The days of Apple products are behind me. I had been developing on a Macbook for over twelve years, but now, I’ve switched to an ever trending setup: OpenBSD on a Thinkpad.
The new platform is a winner. Everything is
clean, quick, and configurable. When I
ps uaxww, I’m not hogging ‘gigs’ of RAM
just to have things up and running. There’s
no black magic that derails me at every turn.
In short, my sanity has been long restored.
What I miss
Nothing is better than a fast web browser. In Mac, this ‘OS within the OS’ was a mean beast. It certainly ran fast, but the Chromium package for OpenBSD isn’t all that bad.
That magnet power interface was a real win with the Apple laptops. I miss that, in addition to speakers that could be maxed out to their potential.
On the other hand…
There’s a healthy list of things I will forever be glad to never have to deal with again:
- the omnipresent ‘Dock’ (never used it once)

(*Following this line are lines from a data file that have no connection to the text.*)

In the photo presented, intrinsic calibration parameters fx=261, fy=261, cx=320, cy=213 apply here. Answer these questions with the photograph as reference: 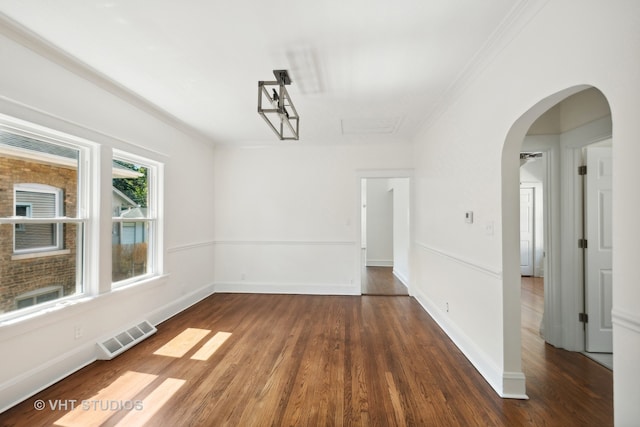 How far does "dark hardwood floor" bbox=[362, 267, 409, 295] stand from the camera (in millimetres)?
4799

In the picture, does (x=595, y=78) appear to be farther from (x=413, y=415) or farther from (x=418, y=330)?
(x=418, y=330)

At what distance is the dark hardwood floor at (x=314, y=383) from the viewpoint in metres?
1.74

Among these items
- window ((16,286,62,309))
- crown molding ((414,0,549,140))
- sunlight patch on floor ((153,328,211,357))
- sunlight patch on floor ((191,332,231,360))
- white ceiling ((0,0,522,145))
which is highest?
white ceiling ((0,0,522,145))

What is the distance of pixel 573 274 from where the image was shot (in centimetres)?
252

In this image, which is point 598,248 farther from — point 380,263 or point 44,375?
point 380,263

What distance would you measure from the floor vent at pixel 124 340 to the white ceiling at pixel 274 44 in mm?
2554

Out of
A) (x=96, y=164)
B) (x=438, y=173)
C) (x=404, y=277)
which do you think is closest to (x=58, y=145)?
(x=96, y=164)

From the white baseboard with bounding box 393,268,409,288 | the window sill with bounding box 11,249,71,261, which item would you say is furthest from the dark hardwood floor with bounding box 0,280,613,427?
the white baseboard with bounding box 393,268,409,288

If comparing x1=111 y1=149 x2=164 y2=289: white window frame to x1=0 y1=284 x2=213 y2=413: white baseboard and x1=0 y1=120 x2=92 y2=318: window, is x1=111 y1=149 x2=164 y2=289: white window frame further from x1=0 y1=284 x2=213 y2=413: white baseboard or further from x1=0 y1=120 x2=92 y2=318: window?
x1=0 y1=284 x2=213 y2=413: white baseboard

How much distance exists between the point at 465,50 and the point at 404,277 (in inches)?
171

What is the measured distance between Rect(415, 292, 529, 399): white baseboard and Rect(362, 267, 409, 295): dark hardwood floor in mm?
1715

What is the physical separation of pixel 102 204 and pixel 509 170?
3608 millimetres

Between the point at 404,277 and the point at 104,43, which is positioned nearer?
the point at 104,43

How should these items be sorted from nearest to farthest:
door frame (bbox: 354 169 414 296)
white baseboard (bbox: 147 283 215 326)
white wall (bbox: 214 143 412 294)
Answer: white baseboard (bbox: 147 283 215 326) < door frame (bbox: 354 169 414 296) < white wall (bbox: 214 143 412 294) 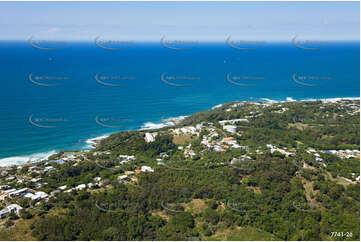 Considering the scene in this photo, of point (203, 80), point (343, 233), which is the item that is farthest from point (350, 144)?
point (203, 80)

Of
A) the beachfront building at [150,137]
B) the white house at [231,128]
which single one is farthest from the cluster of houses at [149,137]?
the white house at [231,128]

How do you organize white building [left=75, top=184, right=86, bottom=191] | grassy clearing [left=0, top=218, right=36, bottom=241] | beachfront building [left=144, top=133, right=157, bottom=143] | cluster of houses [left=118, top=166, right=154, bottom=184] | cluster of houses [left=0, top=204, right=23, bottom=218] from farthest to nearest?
beachfront building [left=144, top=133, right=157, bottom=143], cluster of houses [left=118, top=166, right=154, bottom=184], white building [left=75, top=184, right=86, bottom=191], cluster of houses [left=0, top=204, right=23, bottom=218], grassy clearing [left=0, top=218, right=36, bottom=241]

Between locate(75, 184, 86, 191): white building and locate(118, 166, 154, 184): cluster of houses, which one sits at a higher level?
locate(118, 166, 154, 184): cluster of houses

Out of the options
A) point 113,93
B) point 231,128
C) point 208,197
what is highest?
point 113,93

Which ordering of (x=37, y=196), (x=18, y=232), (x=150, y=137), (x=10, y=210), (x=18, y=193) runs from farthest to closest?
(x=150, y=137), (x=18, y=193), (x=37, y=196), (x=10, y=210), (x=18, y=232)

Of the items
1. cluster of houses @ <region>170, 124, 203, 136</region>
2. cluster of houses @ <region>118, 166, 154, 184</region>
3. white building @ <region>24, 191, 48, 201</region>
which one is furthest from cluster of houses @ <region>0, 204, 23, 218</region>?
cluster of houses @ <region>170, 124, 203, 136</region>

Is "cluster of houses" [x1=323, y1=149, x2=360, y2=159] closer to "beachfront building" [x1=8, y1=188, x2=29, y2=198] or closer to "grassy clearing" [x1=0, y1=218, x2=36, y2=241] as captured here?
"grassy clearing" [x1=0, y1=218, x2=36, y2=241]

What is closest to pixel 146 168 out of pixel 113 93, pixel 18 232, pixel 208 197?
pixel 208 197

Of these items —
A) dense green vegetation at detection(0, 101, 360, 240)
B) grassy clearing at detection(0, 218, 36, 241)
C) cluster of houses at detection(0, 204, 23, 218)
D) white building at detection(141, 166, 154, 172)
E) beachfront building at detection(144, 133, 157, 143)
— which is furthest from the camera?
beachfront building at detection(144, 133, 157, 143)

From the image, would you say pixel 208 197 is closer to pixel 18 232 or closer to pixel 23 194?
pixel 18 232

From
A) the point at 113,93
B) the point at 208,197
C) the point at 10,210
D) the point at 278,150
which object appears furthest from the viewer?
the point at 113,93

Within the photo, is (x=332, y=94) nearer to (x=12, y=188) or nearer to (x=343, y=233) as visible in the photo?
(x=343, y=233)

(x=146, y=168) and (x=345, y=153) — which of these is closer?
(x=146, y=168)
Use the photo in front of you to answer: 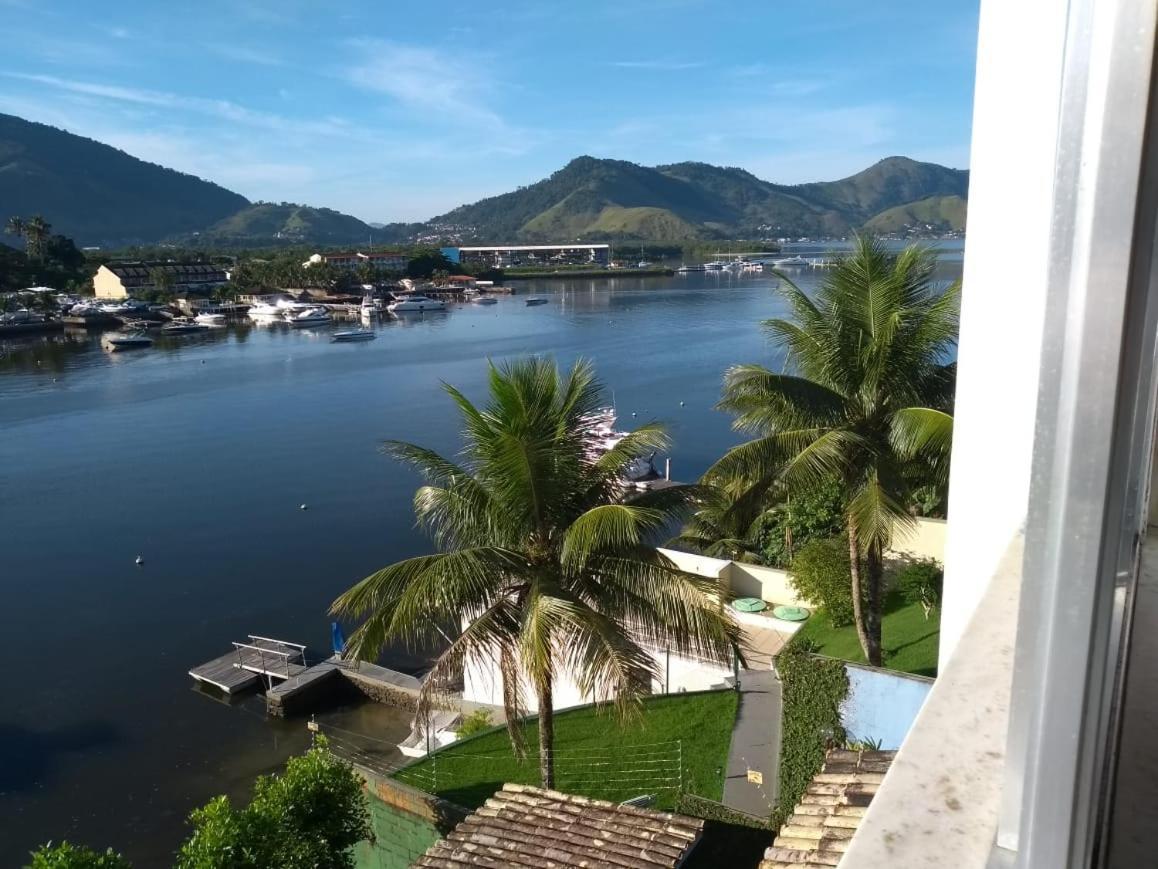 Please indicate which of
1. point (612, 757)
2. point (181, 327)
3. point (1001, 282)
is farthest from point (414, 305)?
point (1001, 282)

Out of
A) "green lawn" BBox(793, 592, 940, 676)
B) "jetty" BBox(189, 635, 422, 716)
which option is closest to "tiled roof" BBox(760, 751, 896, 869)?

- the omnipresent ‘Finder’
- ‘.DS_Store’ files
- black magic in the ‘Terminal.app’
- Notifications (and its omnipresent menu hamburger icon)
- App store
- start-up chord
I’ve noticed that with every passing year, the peripheral interface ports are dwindling. On an older Macbook, I still had some options (SD card reader, USB2, etc.). But lately, it’s out of control.
On this middle-of-the-road Thinkpad, I have an SD card reader, HDMI, scads of USB ports, RJ-45 — I’m never going to need a dongle, or say the word dongle, ever again now that Apple is out of my life.
My memory is pretty good. And I recall when I got my first Mac product: it was because there was no other decent option for having a development laptop, but one where Microsoft Windows wasn’t a requirement.
Many times I tried duct-taping a Linux install on my various Macs, but things were ‘just not there.’ There was always an issue with this or that, and it was truly painful.
I think I lost the scent of the trail. OpenBSD works so well, I wonder how many years I could have been using this great OS outside of just the server world.
Of course, this setup isn’t for all. If you’re green on the UNIX front, or can’t read a manual, you’d be foolish to do it. For the others, it certainly is a viable solution, to say the least.
I can honestly predict that I can see myself using this setup for twenty-five more years. It’s like coming home to a quiet, orderly house.
Open your heart to OpenBSD on Thinkpad at your first opportunity.